Hayvandan insana geçen zoonotik hastalıklarla mücadele amacıyla dünyada ‘Tek Sağlık’ konseptinin ortaya çıktığını dile getiren Eroğlu, Dünya Sağlık Örgütü (WHO), Dünya Hayvan Sağlığı Örgütü (OIE), Birleşmiş Milletler Gıda ve Tarım Örgütü (FAO) tarafından ‘Tek Sağlık’ konsepti adı altında insanların, dünya çapında strateji oluşturmak için bir araya geldiklerini aktardı. Eroğlu, “Ayrıca, ortak ve hızlı hareket edilmesi, etkin kararların verilmesi için çalışma komiteleri de kurulmuştur. Son olarak bu üçlü yapı tarafından ‘Üçlü Zoonoz Kılavuzu’ (TZG) oluşturulmuştur. Bu kılavuzda sunulan Tek Sağlık yaklaşımının kullanılması, ülkelerin sınırlı kaynaklardan en iyi şekilde yararlanmasına yardımcı olmakta ve küçük üreticilerin geçim kaynakları, zayıf beslenme, ticaret ve turizmin kısıtlanması gibi dolaylı toplumsal kayıpları azaltabilmektedir. Ülkelerin bu kılavuzu kullanarak; çok sektörlü, Tek Sağlık koordinasyon mekanizmaları, stratejik planlama ve acil durum hazırlığı, gözetim ve bilgi paylaşımı, eşgüdümlü soruşturma ve yanıt, zoonotik hastalık tehditleri için ortak risk değerlendirmesi, risk azaltma, risk iletişimi ve topluluk katılımı, işgücü geliştirme konularında ulusal kapasitelerini arttırabilecekleri kılavuzda belirtilmiştir. Tek Sağlık yaklaşımları ile sektörler ve disiplinler arasında birlikte çalışarak insan ve hayvan hayatları kurtarılır, geçim kaynakları sağlanır ve küresel sağlık sistemlerimiz sürdürülebilir bir şekilde iyileştirilebilir” dedi.

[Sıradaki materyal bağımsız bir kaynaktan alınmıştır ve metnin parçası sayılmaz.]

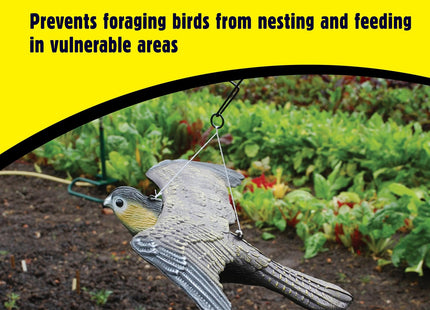 STV The Big Cheese Flying Falcon Decoy Lawns & Outdoor Area Wingspan 21 inches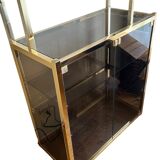 Brass and smoked glass shelf 1970s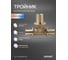 Тройник аксиальный SANEXT 40х32х32мм 4653 2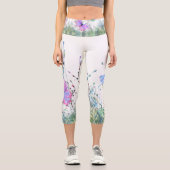 Leggings Capri avec Papillons (Recto)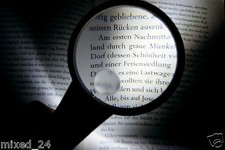Leselupe 3,5fach 10fach 2 LED Handlupe Leuchtlupe Beleuchtung Lupe Vergrößerung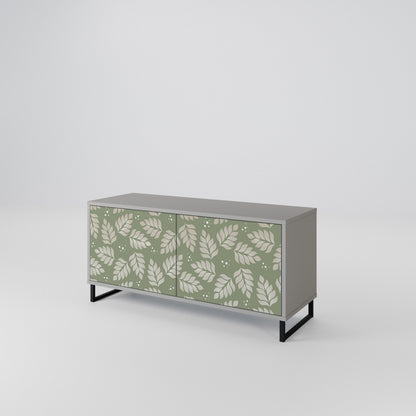 LEAVES ON GREEN Mobile TV Compatto a 2 Ante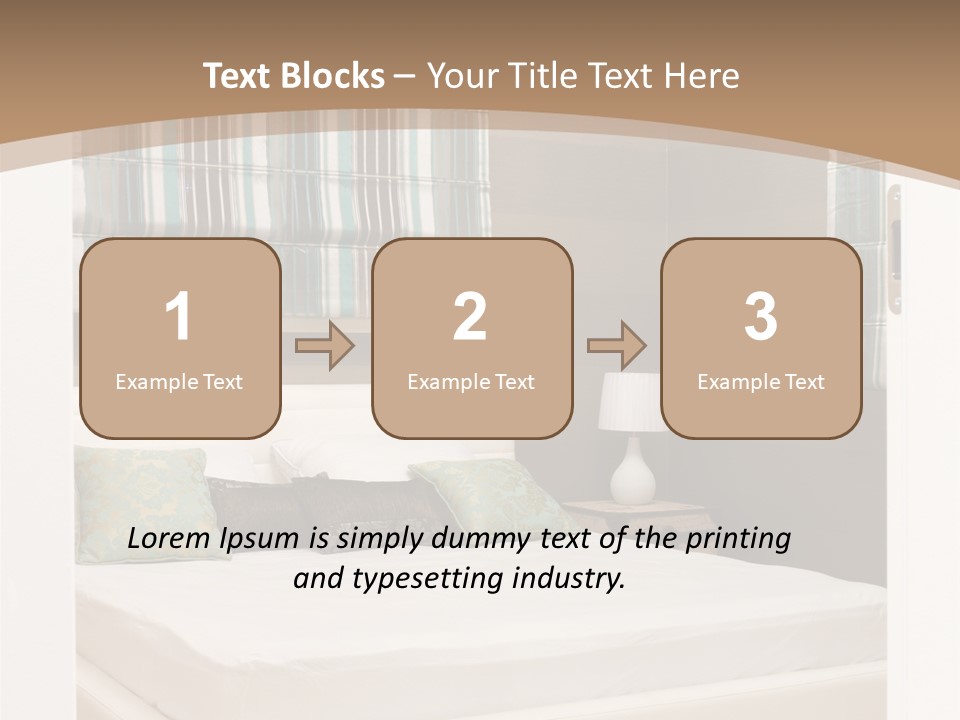 Pillow Mattress Nightstand PowerPoint Template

“Salgının, ülkemizde yayılmadan gerekli önlemlerin aktif hale getirilmesi olası bulaşma riskini düşürmüştür”
Hayvanlardan bulaşan salgınların önüne geçebilmek adına yaban hayvanı ticaretinin yasaklanması gerekliliğine vurgu yapan Eroğlu, bu durumun hem yaban hayatının korunmasında hem de hastalıkların yayılımının önlenmesinde etkili olacağını aktardı. Türkiye’de, Kovid-19 salgınında verilen kararların ne kadar önemli olduğuna dikkat çeken Eroğlu, “Salgının, ülkemizde yayılmadan gerekli önlemlerin aktif hale getirilmesi olası bulaşma riskini düşürmüştür. Veteriner Hekimlerin viral hastalıkların teşhisi, epidemiyolojisi ve karantina önlemleri konusunda çok büyük tecrübeleri bulunmaktadır. Veteriner Hekimler, Zoonotik hastalıklar konusunda hayvanlarda yaptıkları çalışmalar ile sağlık camiasına ışık tutup erken uyarı yaparak önlemlerin alınmasını sağlamaktadır” ifadelerini kullandı.
TVHB Merkez Konseyi Bilim Kurulu’nda Başkanı Ali Eroğlu’nun yanı sıra; Prof. Dr. Aykut Özdarendeli, Prof. Dr. Aykut Özkul, Dr. Sabri Hacıoğlu, Prof. Dr. Mehmet Şahal, Prof. Dr. Ahmet Kürşat Azkur, Prof. Dr. Kürşat Altay, Prof. Dr. Zafer Gönülalan, Prof. Dr. Deniz Naim Ayaz, Prof. Dr. Ali Cesur Onmaz’da bulunmakta.